Onmal regardait défiler la campagne d'un œil morne. Son esprit préoccupé par mille questions. C'était un homme dans la force de l'âge, au maintien noble et à l'allure altière. Son visage doux était percé de deux yeux en amande au regard perçant. Son nez était long et crochu comme un bec de corbeau. Il avait une fine moustache brune soigneusement taillée avec une barbiche de même acabit autour d'une grande bouche aux lèvres minces. Son menton carré complétait son allure de guerrier qu'il soulignait intentionnellement par sa posture et son accoutrement. Une épée à la ceinture, il était revêtu d'un pourpoint ocre et rouille avec des braies de cuir et un jabot blanc au cou. Il était coiffé d'un chapeau de mousquetaire gris cendré surmonté de plumes violettes et beiges arrangées de manière chaotique. Aux mains il portait des gantelets d'acier, aux pieds des bottes à éperons. Accroché à son torse, six gaines en cuir alignaient ses six pistolets. Il devait paraître paré pour la guerre. C'était vital pour sa stratégie politique.
Alors qu'il poussait un soupir, son attention se reporta sur Oniress. Elle était vêtue à la mode des provinces, d'une robe grise cendrée avec des étoffes pourpres par endroit. Elle avait elle même amélioré le vêtement pour lui donner un intérêt militaire. La robe était ainsi doublée de mailles légères, le corset remplacé par un épais plastron d'acier, et des plaques de métal étaient fixées au niveau des épaules et des avants bras. Elle portait une immense perruque, comme toutes les grandes dames, à ceci près qu'elle l'avait décorée de plumes violettes et beiges pour être assortie au chapeau d'Onmal.

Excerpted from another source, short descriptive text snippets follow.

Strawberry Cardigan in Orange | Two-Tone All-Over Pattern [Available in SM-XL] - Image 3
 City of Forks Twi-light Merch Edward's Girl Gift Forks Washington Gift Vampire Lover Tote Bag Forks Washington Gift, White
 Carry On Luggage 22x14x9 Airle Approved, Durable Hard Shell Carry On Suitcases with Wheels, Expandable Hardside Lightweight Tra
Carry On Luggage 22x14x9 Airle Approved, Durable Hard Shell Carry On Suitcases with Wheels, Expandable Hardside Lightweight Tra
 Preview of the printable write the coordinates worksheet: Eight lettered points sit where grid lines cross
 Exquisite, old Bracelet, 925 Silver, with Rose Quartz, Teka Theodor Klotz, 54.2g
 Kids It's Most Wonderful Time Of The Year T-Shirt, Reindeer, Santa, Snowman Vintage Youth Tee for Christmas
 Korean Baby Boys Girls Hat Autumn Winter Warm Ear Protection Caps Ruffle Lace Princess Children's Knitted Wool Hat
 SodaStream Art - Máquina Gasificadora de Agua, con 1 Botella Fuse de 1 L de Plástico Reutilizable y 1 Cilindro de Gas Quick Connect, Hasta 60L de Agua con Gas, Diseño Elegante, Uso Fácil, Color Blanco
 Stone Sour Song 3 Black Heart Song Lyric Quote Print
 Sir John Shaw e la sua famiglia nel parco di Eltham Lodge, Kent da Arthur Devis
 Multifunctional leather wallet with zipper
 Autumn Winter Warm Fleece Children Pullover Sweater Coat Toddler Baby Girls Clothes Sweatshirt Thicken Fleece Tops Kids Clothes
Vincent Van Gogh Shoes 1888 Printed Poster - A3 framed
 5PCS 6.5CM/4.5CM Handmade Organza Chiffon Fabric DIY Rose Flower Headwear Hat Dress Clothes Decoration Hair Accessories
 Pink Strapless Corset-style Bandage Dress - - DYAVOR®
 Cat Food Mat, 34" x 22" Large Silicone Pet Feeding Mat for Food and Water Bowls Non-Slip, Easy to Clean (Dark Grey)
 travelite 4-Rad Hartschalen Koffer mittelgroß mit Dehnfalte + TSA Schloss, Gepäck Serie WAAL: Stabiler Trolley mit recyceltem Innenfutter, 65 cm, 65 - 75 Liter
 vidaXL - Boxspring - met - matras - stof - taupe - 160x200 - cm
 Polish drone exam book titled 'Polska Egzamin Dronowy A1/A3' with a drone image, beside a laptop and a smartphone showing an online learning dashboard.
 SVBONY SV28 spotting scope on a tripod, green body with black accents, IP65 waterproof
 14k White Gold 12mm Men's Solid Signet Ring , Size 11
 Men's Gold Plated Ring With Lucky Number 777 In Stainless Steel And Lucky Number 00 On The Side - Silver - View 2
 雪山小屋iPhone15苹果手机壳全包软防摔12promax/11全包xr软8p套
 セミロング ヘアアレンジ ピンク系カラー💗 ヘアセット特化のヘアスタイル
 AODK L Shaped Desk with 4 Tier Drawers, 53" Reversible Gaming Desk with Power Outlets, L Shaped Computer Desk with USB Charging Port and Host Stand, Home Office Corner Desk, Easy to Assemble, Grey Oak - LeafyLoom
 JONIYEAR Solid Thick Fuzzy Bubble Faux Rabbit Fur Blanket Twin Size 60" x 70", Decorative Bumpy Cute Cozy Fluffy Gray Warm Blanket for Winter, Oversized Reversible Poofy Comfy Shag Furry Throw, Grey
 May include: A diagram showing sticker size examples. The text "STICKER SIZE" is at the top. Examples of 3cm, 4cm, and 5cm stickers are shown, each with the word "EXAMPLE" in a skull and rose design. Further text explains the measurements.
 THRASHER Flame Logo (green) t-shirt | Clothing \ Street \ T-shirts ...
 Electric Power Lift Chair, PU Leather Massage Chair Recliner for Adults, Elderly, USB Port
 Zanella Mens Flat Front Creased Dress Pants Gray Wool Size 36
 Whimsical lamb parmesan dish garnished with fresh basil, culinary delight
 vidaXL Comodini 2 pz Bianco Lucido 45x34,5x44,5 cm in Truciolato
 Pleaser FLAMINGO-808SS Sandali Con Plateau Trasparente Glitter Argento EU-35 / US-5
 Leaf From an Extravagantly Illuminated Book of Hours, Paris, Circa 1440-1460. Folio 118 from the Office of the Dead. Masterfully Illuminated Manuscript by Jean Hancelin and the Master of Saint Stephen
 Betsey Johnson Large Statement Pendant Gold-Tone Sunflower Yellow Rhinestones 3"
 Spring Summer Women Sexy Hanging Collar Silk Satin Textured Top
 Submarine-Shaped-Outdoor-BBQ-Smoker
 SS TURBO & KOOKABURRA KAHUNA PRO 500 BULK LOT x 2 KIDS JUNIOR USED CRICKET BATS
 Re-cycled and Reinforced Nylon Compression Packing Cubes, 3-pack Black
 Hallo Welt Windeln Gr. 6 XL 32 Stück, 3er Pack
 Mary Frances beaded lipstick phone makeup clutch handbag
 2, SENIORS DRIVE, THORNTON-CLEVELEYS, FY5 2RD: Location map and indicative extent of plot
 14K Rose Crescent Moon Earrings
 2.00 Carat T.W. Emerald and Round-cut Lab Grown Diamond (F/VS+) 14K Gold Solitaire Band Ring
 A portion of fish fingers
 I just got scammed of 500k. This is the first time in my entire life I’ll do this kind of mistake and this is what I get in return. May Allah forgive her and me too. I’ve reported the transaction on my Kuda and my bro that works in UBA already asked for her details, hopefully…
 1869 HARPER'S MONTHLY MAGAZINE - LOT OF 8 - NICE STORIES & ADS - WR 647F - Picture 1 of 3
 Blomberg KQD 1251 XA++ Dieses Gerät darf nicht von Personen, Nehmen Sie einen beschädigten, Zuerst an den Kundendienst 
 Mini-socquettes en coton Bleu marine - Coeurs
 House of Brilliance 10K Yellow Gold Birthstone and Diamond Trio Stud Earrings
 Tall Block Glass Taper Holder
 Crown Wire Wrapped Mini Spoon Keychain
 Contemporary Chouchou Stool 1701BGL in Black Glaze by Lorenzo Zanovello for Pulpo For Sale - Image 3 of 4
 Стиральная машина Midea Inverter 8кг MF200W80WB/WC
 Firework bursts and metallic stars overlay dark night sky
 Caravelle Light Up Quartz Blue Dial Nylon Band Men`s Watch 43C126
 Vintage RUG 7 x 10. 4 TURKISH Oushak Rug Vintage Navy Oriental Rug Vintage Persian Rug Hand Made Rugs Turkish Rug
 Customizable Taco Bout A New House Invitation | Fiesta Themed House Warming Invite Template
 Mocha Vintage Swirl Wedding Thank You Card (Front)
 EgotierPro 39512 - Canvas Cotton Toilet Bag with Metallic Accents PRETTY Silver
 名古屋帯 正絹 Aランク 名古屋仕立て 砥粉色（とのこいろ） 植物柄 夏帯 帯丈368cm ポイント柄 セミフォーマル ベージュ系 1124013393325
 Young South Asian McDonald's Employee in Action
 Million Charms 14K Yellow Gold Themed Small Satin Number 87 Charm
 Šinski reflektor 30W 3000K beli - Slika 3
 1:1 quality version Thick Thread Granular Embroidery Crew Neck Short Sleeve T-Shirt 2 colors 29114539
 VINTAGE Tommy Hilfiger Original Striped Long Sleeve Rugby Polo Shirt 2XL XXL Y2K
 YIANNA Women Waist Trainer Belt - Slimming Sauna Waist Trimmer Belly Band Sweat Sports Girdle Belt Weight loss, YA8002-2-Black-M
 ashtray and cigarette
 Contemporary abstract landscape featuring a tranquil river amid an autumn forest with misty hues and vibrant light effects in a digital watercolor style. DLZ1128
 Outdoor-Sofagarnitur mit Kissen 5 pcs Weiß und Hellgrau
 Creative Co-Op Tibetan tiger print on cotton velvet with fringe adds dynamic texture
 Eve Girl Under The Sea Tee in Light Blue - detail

Elle étudiait un plan de la région avec une rigueur bien à elle. Elle ne lança qu'un regard à Onmal puis ses yeux retournèrent au plan. Ce qui ne l'empêcha pas de lui lancer:
- "Tu m'as l'air préoccupé je me trompe ?"
Onmal allait répondre quand elle ajouta d'un ton impératif:
- "Fais en sorte que cela ne se voie pas."
Le consul grogna.
- "Facile à dire. Il y a un point que nous n'avons pas pris en compte dans notre plan. Et si, sitôt arrivé à Vinrek on m'assassine ? Tu y as pensé ?
- Les licteurs nous ont précédés. Personne ne nous tend un piège sur la route.
- Oui, mais à Vinrek même ? Je vais devoir tenir un discours en public. Et si mes opposant envoient… ou même simplement, et si quelque lunatique sort un pistolet ou une arbalète pendant le discours et me tire dessus ? Tu sais aussi bien que moi jusqu'où ces gens peuvent aller s'ils pensent que je mets en péril la république."
Oniress eut un sourire mesquin.
- "Si tu es abattu en plein milieu de ton discours, tu deviendras un martyr, et la république s'effondrera d'elle même. Mieux, si tu survis avec une balle dans le corps, tu auras un prétexte suffisant pour faire le ménage au sénat en éliminant les intrigants présumés. Dans tous les cas, c'est bénéfique pour notre cause."
Onmal fit la grimace, mais ne chercha pas à poursuivre la discussion. Il regarda à nouveau par la fenêtre tandis que défilaient les vastes champs entourant la cité, dans lesquels travaillaient sans relâche des bêtes difformes portant collier, encadrées par des contremaîtres qui maniaient le fouet avec sadisme et dextérité. Cette image déroutante des créatures foulant la terre de Vinrek de leurs pattes velues ou de leurs sabots fourchus était ironiquement le symbole de la prospérité de la république. Ces abominations abjectes, Onmal les détestait. Il les méprisait. Seul un collier béni portant la marque de Methrovirsk pouvait rendre ces choses serviles, mais sans ça…
Il secoua la tête. Heureusement que les bêtes sauvages existaient. Heureusement qu'elles accablaient les campagnes et les villes humaines depuis des temps immémoriaux. Sans cela, non seulement les humains seraient obligés de travailler, mais surtout sa stratégie politique ne serait plus envisageable.